Contoh judul peraturan perundang - undangan:
1.      UNDANG-UNDANG REPUBLIK INDONESIA
NOMOR 5 TAHUN 1986
TENTANG
PERADILAN TATA USAHA NEGARA
2.      Mempergunakan nama singkat (citeertitel)
UNDANG-UNDANG REPUBLIK INDONESIA
NOMOR……TAHUN..….
TENTANG
PERATURAN DASAR POKOK-POKOK KEAGRARIAAN
(UNDANG-UNDANG POKOK AGRARIA)
3.      Perubahan peraturan perundang-undangan
PERATURAN DAERAH
PROPINSI DAERAH TINGKAT I JAMBI
NOMOR….TAHUN….
TENTANG
PERUBAHAN YANG KEDUA PERATURAN DAERAH
NOMOR….TAHUN….TENTANG BEA BALIK NAMA
KENDARAAN BERMOTOR
4.      Pencabutan peraturan perundang-undangan
UNDANG-UNDANG REPUBLIK INDONESIA
NOMOR…. TAHUN….
TENTANG
PENCABUTAN UNDANG-UNDANG
      NOMOR…..TAHUN…..TENTANG CEK KOSONG
B. PEMBUKAAN PERATURAN PERUNDANG-UNDANGAN
1. Pembukaan peraturan perundang-undangan terdiri atas:
a. Pencantuman: DENGAN RAHMAT TUHAN YANG MAHA ESA(ditulis dengan huruf kapital)
b. Pencantuman Pejabat Pembuat Peraturan Perundang-undangan
1. UNDANG-UNDANG     : PRESIDEN REPUBLIK INDONESIA
2. PERATURAN DAEARAH: GUBERNUR KEPALA DAERAH PROPINSI DAERAH      TINGKAT SATU MALUKU
c. Konsiderans
Konsiderans didahului dengan kata “menimbang” berisi latar belakang dan alasan - alasan membuat peraturan baru. Apabila konsiderans terdiri lebih dari satu latar belakang atau alasan disusun secara alfabetik (a, b, c, dst).

d. Dasar hukum.
Dasar hukum merupakan peraturan perundang-undangan atau ketentuan dari suatu peraturan perundang0undangan yang menjadi dasar yuridis pembuatan suatu peraturan perundang-undangan.

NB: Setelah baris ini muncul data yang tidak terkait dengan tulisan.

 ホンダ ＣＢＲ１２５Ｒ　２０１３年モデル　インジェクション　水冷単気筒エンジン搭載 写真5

C. BATANG TUBUH PERATURAN PERUNDANG-UNDANGAN
Batang tubuh disini memuat bagian berisi norma yang merupakan isi muatan peraturan perundang-undangan. Batang tubuh tersusun sebagai berikut:
    1. Ketentuan umum
Ketentuan umum diletakan di BAB I dan memuat pengertian-pengertian yang berupa istilah tertentu yang akan dipergunakan dalam bagian-bagian lain dalam batang tubuh, singkatan-singkatan dan juga ketentuan-ketentuan yang bersifat umum.

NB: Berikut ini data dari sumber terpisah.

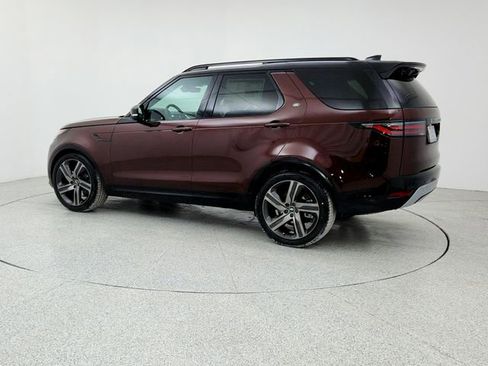 New 2026 Land Rover Discovery Limited Edition image 7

    1. Ketentuan mengenai obyek yang diatur
Obyek yang diatur disusun dalam sistematika yang sesuai dengan luas lingkup dan pendekatan yang dipergunakan. Yang perlu diperhatikan yaitu, susunan tersebut harus menggambarkan satu kesatuan sistem,harus menggambarkan cara berpikir, mudah diamati, diketahui, dan dimengerti.

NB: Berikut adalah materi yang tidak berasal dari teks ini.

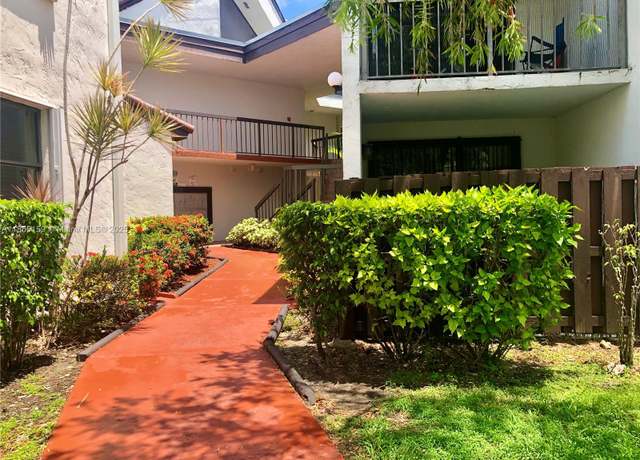 Property at 9429 Fontainebleau Blvd Unit 101-33, Miami, FL 33172, 2 beds, 2 baths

    1. Ketentuan sanksi (pidana atau administrasi).
Tidak semua peraturan perundang-undangan memuat ketentuan pidana, ada juga ketentuan pidana yang tergantung pada kaidah-kaidah dalam peraturan perundang-undangan. Pembentuk peraturan perundang-undangan dapat merumuskan sanksi keperdataan atau administrativ.


    1. Ketentuan peralihan
Ketentuan peralihan timbul sebagai cara mempertemukan antara asas mengenai akibat kehadiran peraturan baru dengan keadaan sebelum peraturan itu berlaku. Kalau asas ini diterapkan tanpa mempertimbangkan keadaan yang sudah berlaku, maka dapat timbul kekacauan hokum, ketidakpastian hukum atau kesewenang-wenangan hukum.
    1. Ketentuan penutup
Ketentuan penutup memuat:
·         Penunjukan organ atau alat perlengkapan dalam melaksanakan peraturan perundang-undangan.
·         Nama singkat.
·         Pengaruh peraturan yang baru terhadap peraturan perundang-undangan yang sudah ada.
·         Rumusan pengundangan atau pengumuman dan penandatanganan.